### Work instruction
Pictures aside, return every line below exactly as written.

### Information shown
---*---
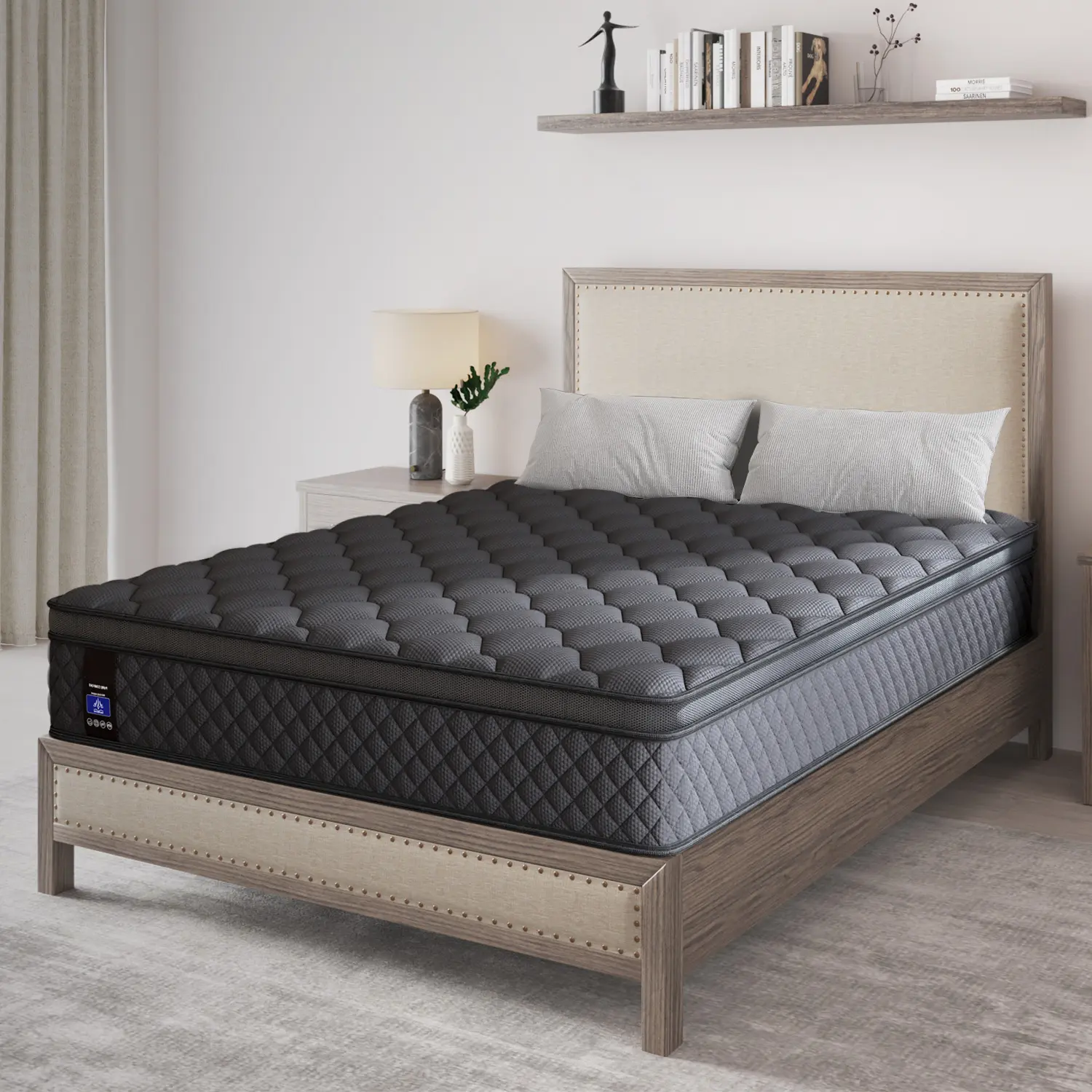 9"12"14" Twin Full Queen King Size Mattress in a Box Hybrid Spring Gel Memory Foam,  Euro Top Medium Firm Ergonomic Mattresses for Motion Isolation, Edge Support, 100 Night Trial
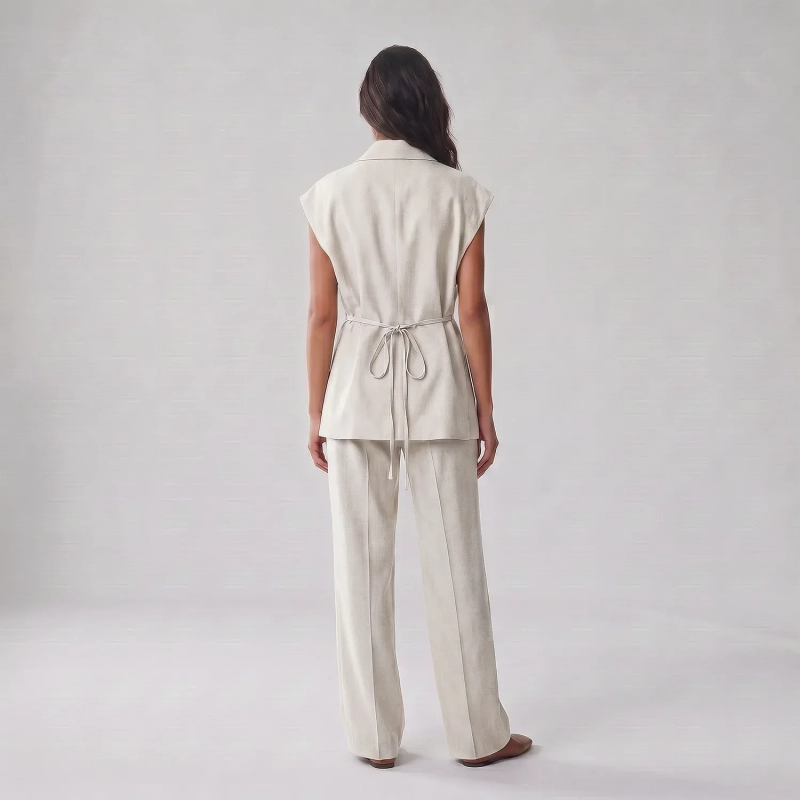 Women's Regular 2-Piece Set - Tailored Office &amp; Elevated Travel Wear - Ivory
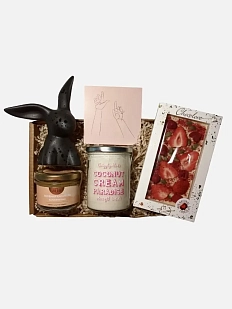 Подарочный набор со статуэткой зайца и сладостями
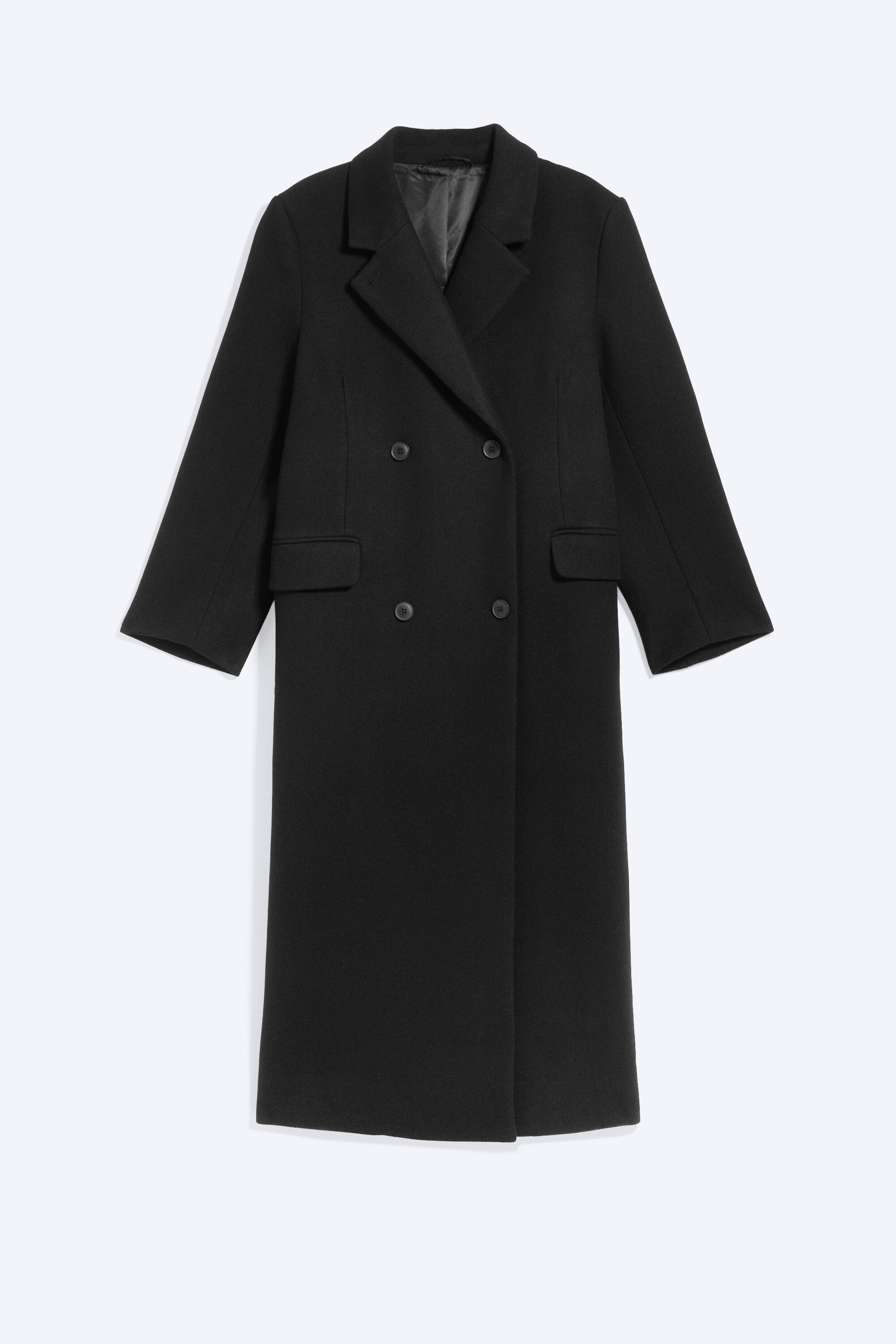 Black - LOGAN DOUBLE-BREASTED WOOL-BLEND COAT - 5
---*---
### Response to this task
 9"12"14" Twin Full Queen King Size Mattress in a Box Hybrid Spring Gel Memory Foam,  Euro Top Medium Firm Ergonomic Mattresses for Motion Isolation, Edge Support, 100 Night Trial
 Women's Regular 2-Piece Set - Tailored Office &amp; Elevated Travel Wear - Ivory
 Подарочный набор со статуэткой зайца и сладостями
 Black - LOGAN DOUBLE-BREASTED WOOL-BLEND COAT - 5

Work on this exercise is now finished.